Gunners noticed them from the battlements; gunners Saxon-Protestant most likely, and in just gloom at the perils and indignities now lying on their pious Kurfurst Johann Friedrich the Magnanimous. "Lo, you! Kaiser's self riding yonder, and one of his silk JUNKERS. Suppose we gave the Kaiser's self a shot, then?"said the gunner, or thought: "It might help a better man from his life-perils, if such shot did--!" In fact the gun flashed off, with due outburst, and almost with due effect. The ball struck the ground among the very horses' feet of the two riders; so that they were thrown, or nearly so, and covered from sight with a cloud of earth and sand;--and the gunners thought, for some instants, an unjust, obstinate Kaiser's life was gone; and a pious Elector's saved. But it proved not so. Kaiser Karl and Johann George both emerged, in a minute or two, little the worse;--Kaiser Karl perhaps blushing somewhat, and flurried this time, I think, in the impenetrable eyes; and his Cimburgis lip closed for the moment;--and galloped out of shot-range. "I never forget this little incident," exclaims Smelfungus: "It is one of the few times I can get, after all my reading about that surprising Karl V., I do not say the least understanding or practical conception of him and his character and his affairs, but the least ocular view or imagination of him, as a fact among facts!" Which is unlucky for Smelfungus.--Johann George, still more emphatically, never to the end of HIS life forgot this incident. And indeed it must be owned, had the shot taken effect as intended, the whole course of human things would have been surprisingly altered;--and for one thing, neither FREDERICH THE GREAT, nor the present HISTORY OF FRIEDRICH, had ever risen above ground, or troubled an enlightened public or me!

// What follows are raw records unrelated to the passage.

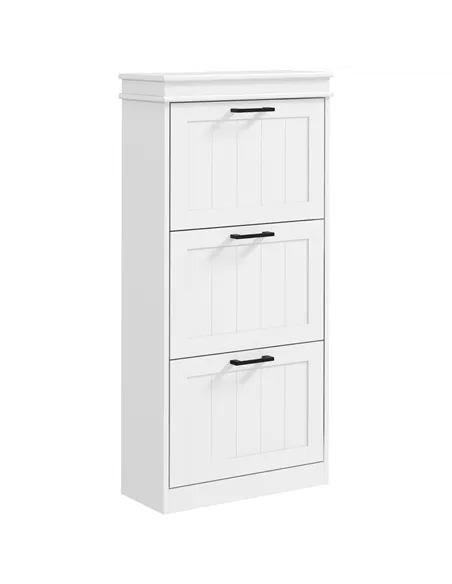 HOMCOM Three-Drawer Minimalistic Shoe Storage Cabinet, for 15 Shoes
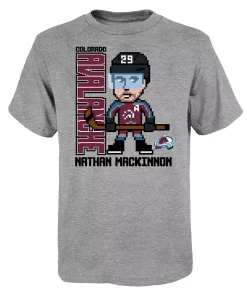 Youth Nathan MacKinnon Heather Gray Colorado Avalanche Pixel Player 2.0 T-Shirt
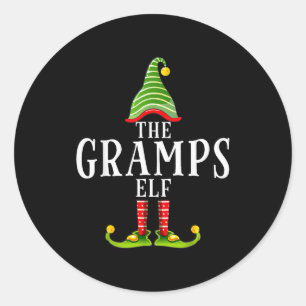 The Gramps Elf Funny Matching Pajama Xmas  Classic Round Sticker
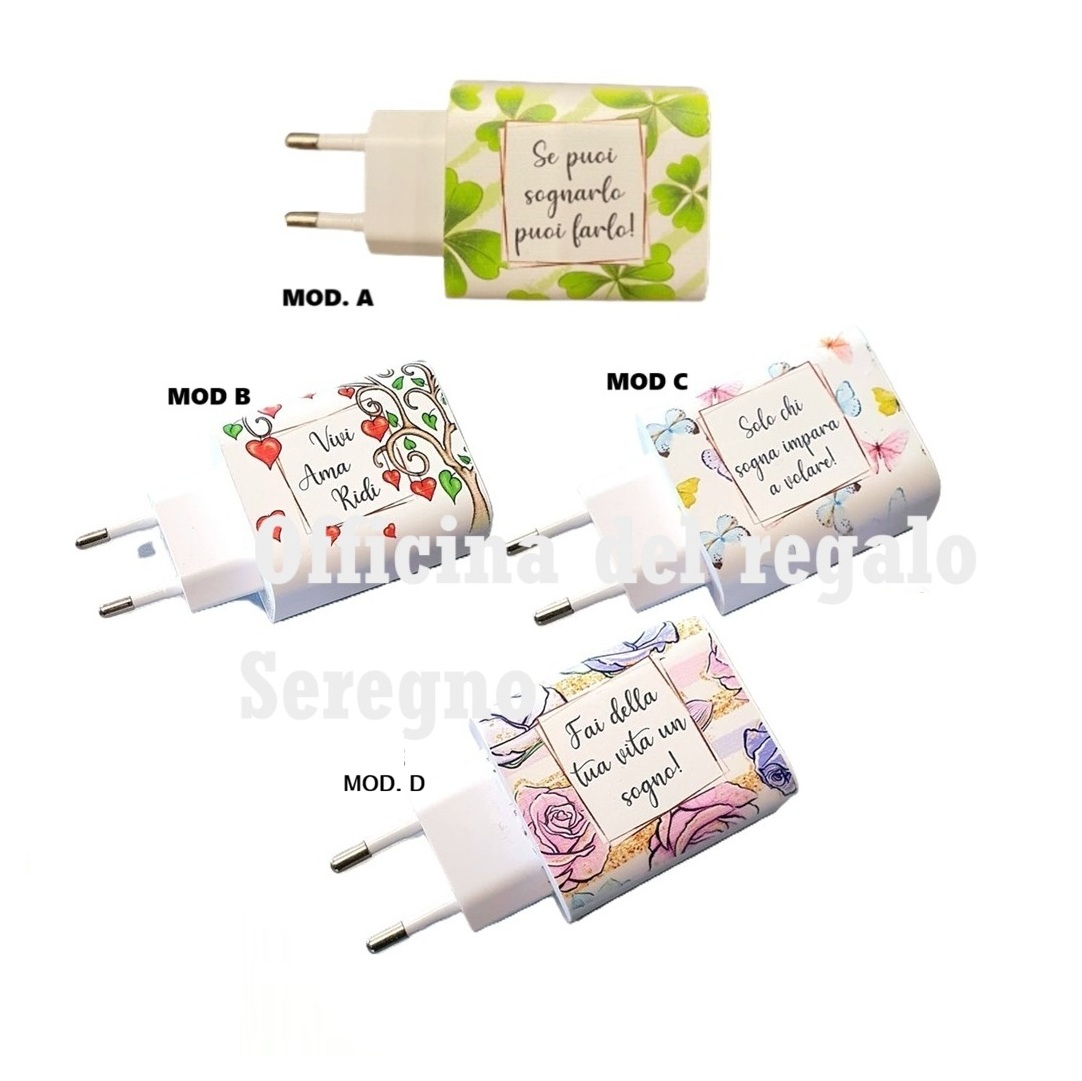 Caricatore USB con 4 ingressi con frasi personalizzate e disegni idea regalo
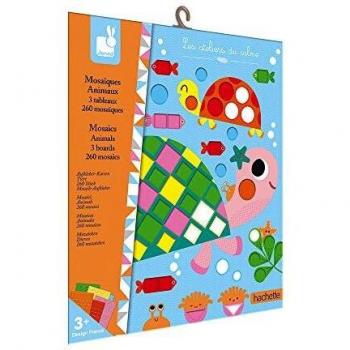 Janod Mosaicos Animales - Juego de mosaicos educativos con piezas de madera, incluye 60 piezas en diferentes colores y formas, diseñado para desarrollar la creatividad y habilidades motoras en niños a partir de 3 años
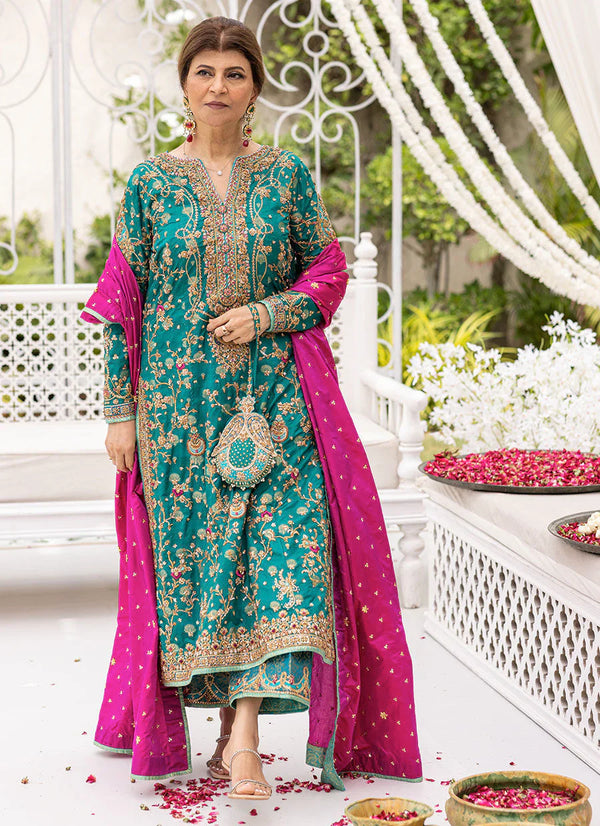 Aqua Blue Hand-Embellished Organza Suit with Raw Silk Trousers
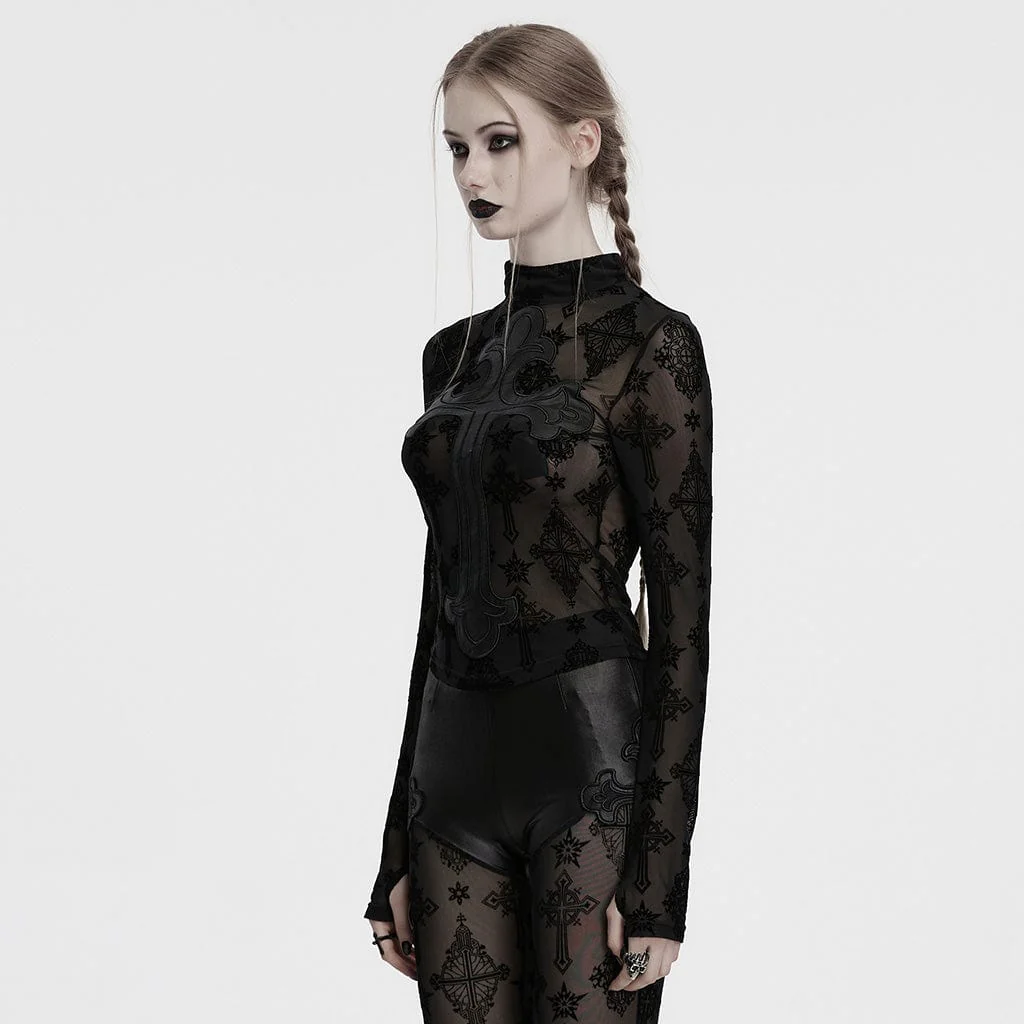 T-shirt da donna in rete floccata con croce gotica trasparente - immagine 6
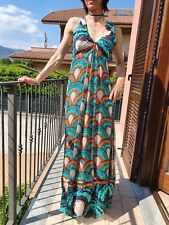 Abito donna lungo elegante color fantasia. In Seta tg S. Ottime condizioni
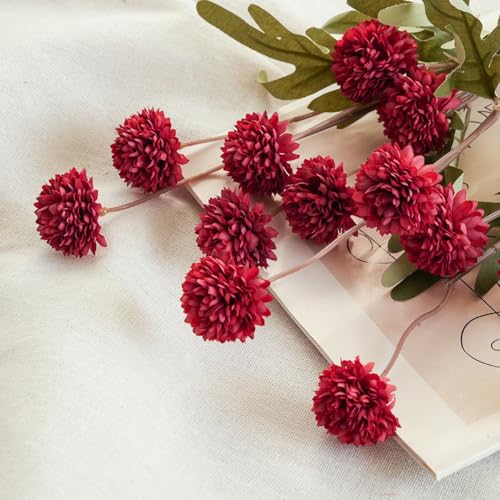 Laelfe Artificial Kiku Flower Wind Red- 5 Pcs Fake Pompon Mums Silk Small Chrysanthemum Faux Ball Fall Flower Stem Decor for Wedding Filler DIY Bouquet Centerpieces Arrangements Shower (Dark Red) - Image 3
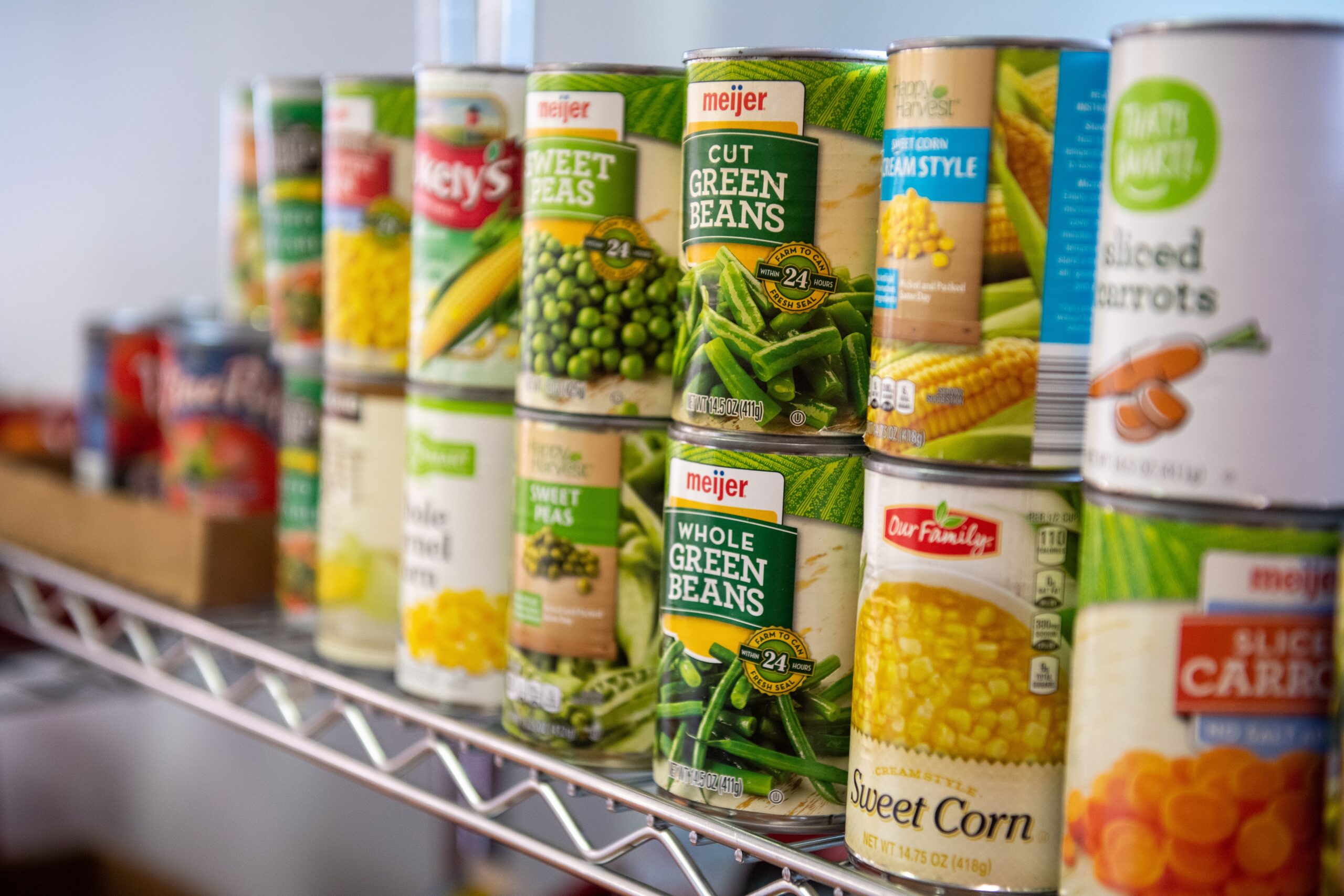 Canned vegetables at a food pantry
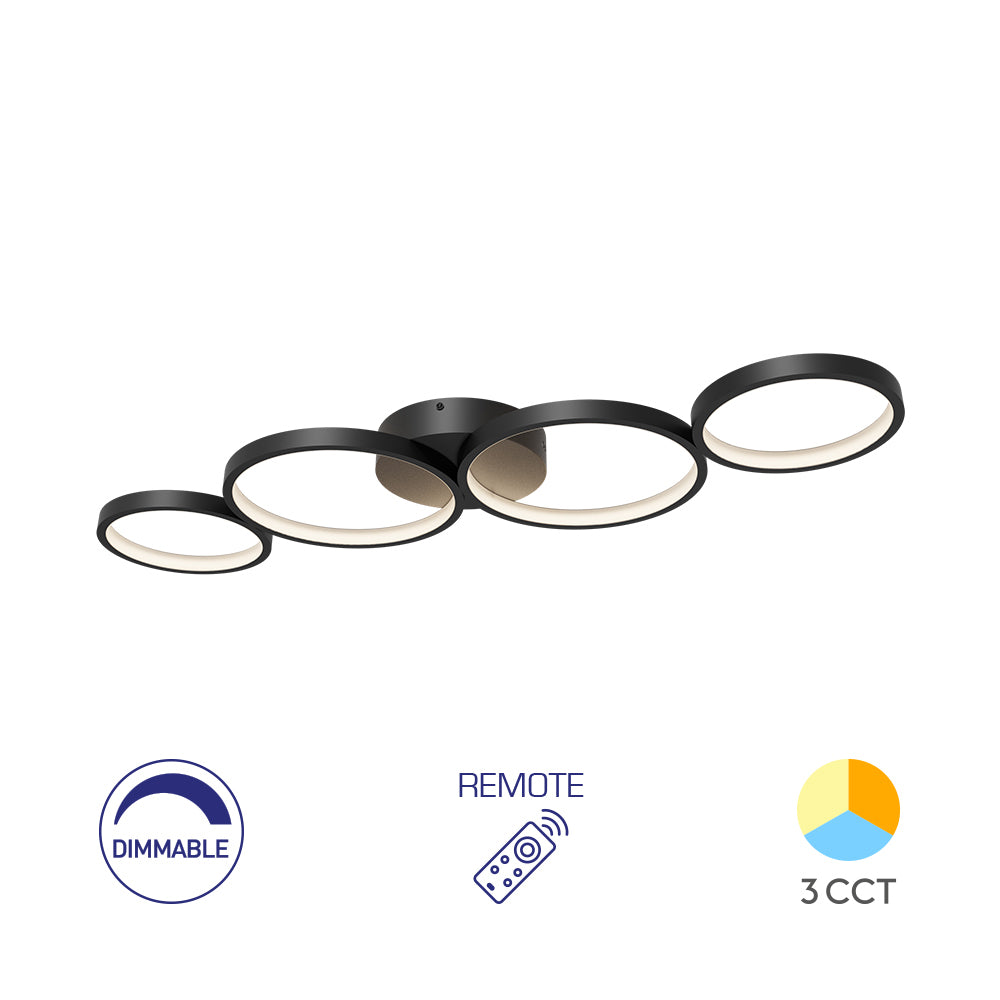 BRY-NELA-SR1-RND-CRNA-60W-SA DALJINSKIM-IP20-LED PLAFONJERA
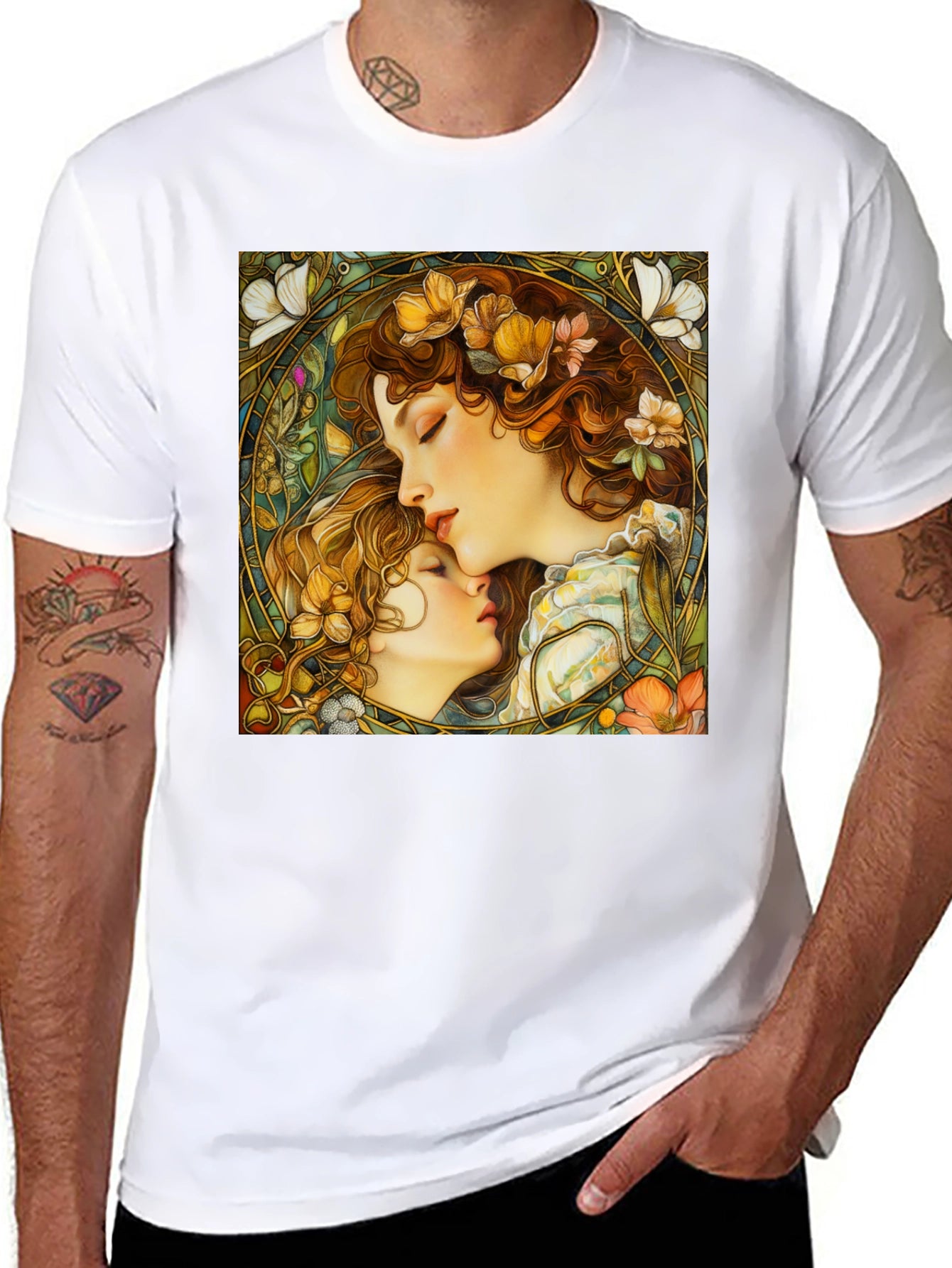 Art Nouveau Womens Black Graphic Tee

Of Johann George, this Seventh Elector, [1525; 1571-1598.] who proved a good Governor, and carried on the Family Affairs in the old style of slow steady success, I will remember nothing more, except that he had the surprising number of Three-and-Twenty children; one of them posthumous, though he died at the age of seventy-three.--He is Founder of the New Culmbach line: two sons of these twenty-three children he settled, one in Baireuth, the other in Anspach;from whom come all the subsequent Heads of that Principality, till the last of them died in Hammersmith in 1806, as above said.
[Rentsch, p. 475 (CHRISTIAN to Baireuth; JOACHIM ERNST to Anspach);--8ee Genealogical Diagram, inra, p. 309a.] He was a prudent, thrifty Herr; no mistresses, no luxuries allowed; at the sight of a new-fashioned coat, he would fly out on an unhappy youth, and pack him from his presence. Very strict in point of justice: a peasant once appealing to him, in one of his inspection-journeys through the country, "Grant me justice, DURCHLAUCHT, against So-and-so; I am your highness's born subject!"--"Thou shouldst have it, man, wert thou a born Turk!"answered Johann George.--There is something anxious, grave and, as it were, surprised in the look of this good Herr. He made the GERABOND above spoken of;--founded the Younger Culmbach Line, with that important Law of Primogeniture strictly superadded.
A conspicuous thrift, veracity, modest solidity, looks through the conduct of this Herr;--a determined Protestant he too, as indeed all the following were and are. [Rentsch, pp. 470, 471.]